Eppure, gli effetti dell’antropizzazione, non si rendono visibili solo in fenomeni endogeni ma anche nella dimensione esterna ed estetica del mondo: è il paesaggio l’orizzonte vivo in cui muove l’esistenza umana, sia naturale che culturale.

In questo senso, Zanzotto muove la sua critica al Kitsch del costruire, dell’abitare e del pensare. Sembra richiamare l’illuminante saggio di Martin Heidegger “Costruire, abitare, pensare”[2] in cui il filosofo vede in un’opera architettonica, il ponte, il modo per congiungere umano e divino e dove ben si esprime l’idea che vivere è abitare e che l’architettura più che costruire è un costruire secondo le linee naturali. La dimenticanza della dimensione sacrale del vivere il pianeta e l’adozione di uno stile di vita maggiormente violento non è il solo effetto di una prospettiva culturale e filosofica secondo la quale natura coincide con dominabile. Ma c’è un appiglio che neanche la più irrefrenabile volontà di dominio della natura non può permettersi di perdere: quello del gusto, dell’onorare la natura difendendola con la bellezza. Se è la bellezza a mancare e a perdersi, non è la bruttezza farle da sostituta, come ci si aspetterebbe. Bensì la superficialità e l’incapacità di percepire la vita nel suo scorrere e manifestarsi. Tale percezione sarebbe facilmente colta nella dimensione filosofica del pensare, che pur è estranea alla contemporaneità.

Un breve saggio dello specialista del diritto Gustavo Zagrebelsky “Sulla lingua del tempo presente”, uscito in questi giorni per Einaudi[3], sembra giungere in aiuto alle nostre riflessioni. L’analisi dello studioso si limita al fenomeno di degenerazione politico-linguistica nel nostro contesto nazionale rilevando come proprio la dimensione linguistica sovrasta e determina le azioni sociali e politiche, spostando interessi ed obiettivi nel nome di un abbassamento culturale più alla portata di tutti.

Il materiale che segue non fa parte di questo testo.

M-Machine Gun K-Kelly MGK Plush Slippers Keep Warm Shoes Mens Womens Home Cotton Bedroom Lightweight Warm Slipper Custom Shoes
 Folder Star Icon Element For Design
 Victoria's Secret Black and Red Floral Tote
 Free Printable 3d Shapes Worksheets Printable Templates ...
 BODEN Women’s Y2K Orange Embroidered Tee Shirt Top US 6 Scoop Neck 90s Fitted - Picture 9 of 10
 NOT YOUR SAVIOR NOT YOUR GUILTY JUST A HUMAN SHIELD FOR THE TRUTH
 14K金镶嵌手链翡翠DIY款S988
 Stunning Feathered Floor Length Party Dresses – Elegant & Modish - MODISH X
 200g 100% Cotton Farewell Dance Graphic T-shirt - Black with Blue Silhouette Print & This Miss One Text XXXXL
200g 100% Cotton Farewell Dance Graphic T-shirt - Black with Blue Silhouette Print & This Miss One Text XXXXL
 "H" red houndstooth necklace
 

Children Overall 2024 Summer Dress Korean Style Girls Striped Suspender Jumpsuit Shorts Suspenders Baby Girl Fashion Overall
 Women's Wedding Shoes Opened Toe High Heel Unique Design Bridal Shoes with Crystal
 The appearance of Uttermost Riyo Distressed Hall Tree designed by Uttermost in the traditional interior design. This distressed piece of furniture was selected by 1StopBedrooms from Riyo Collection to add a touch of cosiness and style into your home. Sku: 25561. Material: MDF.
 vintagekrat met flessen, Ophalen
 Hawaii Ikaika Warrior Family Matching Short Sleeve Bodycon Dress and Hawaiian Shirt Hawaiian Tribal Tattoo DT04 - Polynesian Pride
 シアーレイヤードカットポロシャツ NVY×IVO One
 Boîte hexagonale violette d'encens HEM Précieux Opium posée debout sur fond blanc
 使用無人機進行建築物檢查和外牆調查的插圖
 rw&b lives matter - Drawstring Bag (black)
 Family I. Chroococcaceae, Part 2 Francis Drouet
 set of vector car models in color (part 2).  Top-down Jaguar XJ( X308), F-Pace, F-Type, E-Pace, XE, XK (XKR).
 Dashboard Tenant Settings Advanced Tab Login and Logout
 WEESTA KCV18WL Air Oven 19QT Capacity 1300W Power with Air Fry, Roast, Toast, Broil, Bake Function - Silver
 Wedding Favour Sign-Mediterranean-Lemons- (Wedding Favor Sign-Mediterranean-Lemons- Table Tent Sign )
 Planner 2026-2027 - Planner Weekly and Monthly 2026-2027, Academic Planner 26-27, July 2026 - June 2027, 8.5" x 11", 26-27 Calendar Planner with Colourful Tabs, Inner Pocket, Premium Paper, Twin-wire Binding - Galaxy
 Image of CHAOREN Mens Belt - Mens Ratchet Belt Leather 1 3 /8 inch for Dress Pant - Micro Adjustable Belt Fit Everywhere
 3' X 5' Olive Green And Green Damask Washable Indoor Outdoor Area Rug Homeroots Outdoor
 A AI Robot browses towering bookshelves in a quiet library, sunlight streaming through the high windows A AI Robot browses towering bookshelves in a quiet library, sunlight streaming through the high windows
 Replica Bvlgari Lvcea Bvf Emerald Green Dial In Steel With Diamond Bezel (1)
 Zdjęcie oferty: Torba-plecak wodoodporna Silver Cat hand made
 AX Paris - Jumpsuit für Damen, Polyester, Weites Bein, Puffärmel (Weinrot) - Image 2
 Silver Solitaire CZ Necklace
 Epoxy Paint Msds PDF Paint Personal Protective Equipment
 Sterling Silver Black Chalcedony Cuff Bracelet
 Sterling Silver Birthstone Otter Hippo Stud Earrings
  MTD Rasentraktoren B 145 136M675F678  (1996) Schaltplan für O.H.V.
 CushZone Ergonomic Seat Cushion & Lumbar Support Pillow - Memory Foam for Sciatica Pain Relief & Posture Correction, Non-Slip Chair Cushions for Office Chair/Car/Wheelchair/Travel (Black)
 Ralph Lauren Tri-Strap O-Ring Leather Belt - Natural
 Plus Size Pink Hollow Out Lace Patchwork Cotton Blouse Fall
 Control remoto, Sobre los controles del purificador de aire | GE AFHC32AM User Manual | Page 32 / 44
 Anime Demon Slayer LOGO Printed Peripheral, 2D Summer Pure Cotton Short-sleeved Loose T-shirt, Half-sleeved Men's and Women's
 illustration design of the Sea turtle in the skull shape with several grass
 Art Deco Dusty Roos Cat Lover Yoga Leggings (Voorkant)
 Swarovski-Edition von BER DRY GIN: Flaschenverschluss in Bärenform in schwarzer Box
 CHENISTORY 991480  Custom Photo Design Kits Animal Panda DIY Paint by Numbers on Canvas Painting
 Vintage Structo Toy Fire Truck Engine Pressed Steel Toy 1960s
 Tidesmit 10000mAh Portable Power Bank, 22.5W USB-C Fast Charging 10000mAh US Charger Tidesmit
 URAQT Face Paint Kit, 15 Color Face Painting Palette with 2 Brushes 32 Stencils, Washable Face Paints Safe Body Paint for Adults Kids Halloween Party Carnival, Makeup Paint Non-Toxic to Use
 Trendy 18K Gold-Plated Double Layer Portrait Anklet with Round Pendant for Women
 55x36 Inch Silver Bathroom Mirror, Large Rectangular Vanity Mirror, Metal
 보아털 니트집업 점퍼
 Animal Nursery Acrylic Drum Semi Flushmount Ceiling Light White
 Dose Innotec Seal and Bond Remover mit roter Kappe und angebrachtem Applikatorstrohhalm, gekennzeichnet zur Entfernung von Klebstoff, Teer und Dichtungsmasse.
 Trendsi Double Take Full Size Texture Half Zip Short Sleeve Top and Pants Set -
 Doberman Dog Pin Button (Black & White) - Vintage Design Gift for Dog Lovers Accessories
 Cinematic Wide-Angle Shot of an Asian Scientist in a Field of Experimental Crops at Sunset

Eppure, Zagrebelsky conclude in maniera particolarmente interessante: la bruttezza e la superficialità sembrano dominare l’esistenza degli uomini, soprattutto l’esistenza pubblica e sociale.

Se non la cultura e gli intellettuali, sono gli eventi naturali e le contraddizioni del mondo globale che stanno intensamente sollecitando una pausa di riflessione per l’umanità. Anche la filosofia non vi si può astenere, promuovendo un’antica assiologia incentrata sull’uomo come valore, bellezza e, in un certo senso, saggezza. Alla domanda che ha tanto risuonato nel secolo scorso e che ad oggi ancora risuona “Quale bellezza salverà il mondo?”, oggi dovremmo lavorare per rispondere “la bellezza dell’uomo che pensa”.



[1] A. Zanzotto, Conglomerati, Milano 2010.

[2] M. Heiedgger, Costruire, abitare, pensare in Sentieri Interrotti, Milano 1980.

[3] G. Zagrebelsky, Sulla lingua del tempo presente, Torino 2010.